Terryah and other Republicans bravely stood side-by-side with the Ku Klux Klan in supporting Trump. Don't like being lumped into that same basket, Mr. Terryah and other Republicans? Don't blame us Democrats, you did that to yourselves. Dwell on that for awhile, Mr. Terryah. You voted with the KKK.
And yes, that makes you racist by association, misogynist by association, anti-environment and anti-immigrant by association. Again, don't blame Democrats for lumping you into categories you're not comfortable with. This is what you chose. And this blather about "gotta come together now that the election is done" is horse manure.
I'm not "coming together" behind Little Donnie Trump for anything.
— Greg Sauer
Why not Trump?
I'm dreading Jan. 20. I know, we lefties are already trashing his presidency. Opposing Trump in a vindictive, mindless, almost pathological way — sort of like how Republicans opposed Obama.
There's room for healthy skepticism (if not high anxiety). Following are 10 nonpartisan reasons why any rational, objective person might distrust Trump:
1. Trump is a real estate developer.
2. Trump is in professional wrestling's hall of fame. In 2007, Trump and WWE CEO Vince McMahon co-starred in The Battle of the Billionaires," with Trump executing a clothesline takedown of McMahon at ringside, and later being knocked unconscious inside the ring by the beer-swilling Bionic Redneck. (Check out the video.)
3. The KKK loves Trump.
4. Vladimir Putin loves Trump.
5. Trump is unethical. His business connections remain hidden from public view, buried in unreleased tax returns. Trump's children will run the empire and they won't ever discuss business operations with dad, avoiding any conflicts of interest. And pink unicorns will fart rainbows over all of America.
6. Trump is clueless about the job. Worse: He shows no desire to learn.
7. Team Trump: Mad dogs and billionaires.
8. Trump is authoritarian. His "movement" satisfies most criteria for fascism.
9. Trump tweets at 3 a.m.
10. Trump is orange. I worry about the hours Donald spends in the tanning bed. Soaking up radiation can't be good for 70-year-old skin. Could he be damaging his chromosomes? Mutating himself? Is Trump even from our planet? Maybe we should demand to see a birth certificate.
— Marty Rush
Money for nuthin'
Do you know how somebody looks who has just hit the jackpot on a slot machine?
I just watched Brian Moynihan, chairman and CEO of America's second-largest bank, gloating to Charlie Rose about how he has already made tens of millions of dollars off the election, because Bank of America stock is up 34 percent just on rumors of deregulation.
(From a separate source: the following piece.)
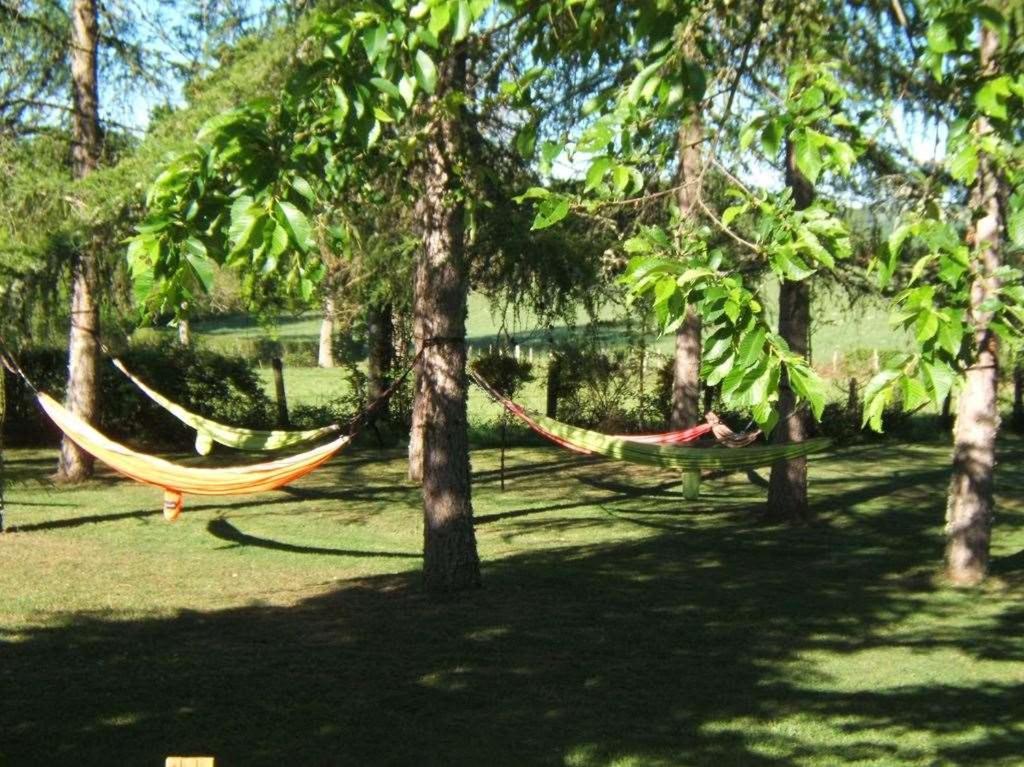 A L'Oree Du Parc Saint-Priest-des-Champs Экстерьер фото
Moynihan explained how this will give the wealthy bankers and investor class even more profits from the interest on the gazillions in consumer debt the bank already holds, when everybody's credit-card payments can be raised correspondingly next year — like money for nothing.
Then Moynihan started talking about how working-class Americans will have to "recondition to be content with the kind of lower-paying jobs that are actually going to be available" when competing with starving people in the global labor-market.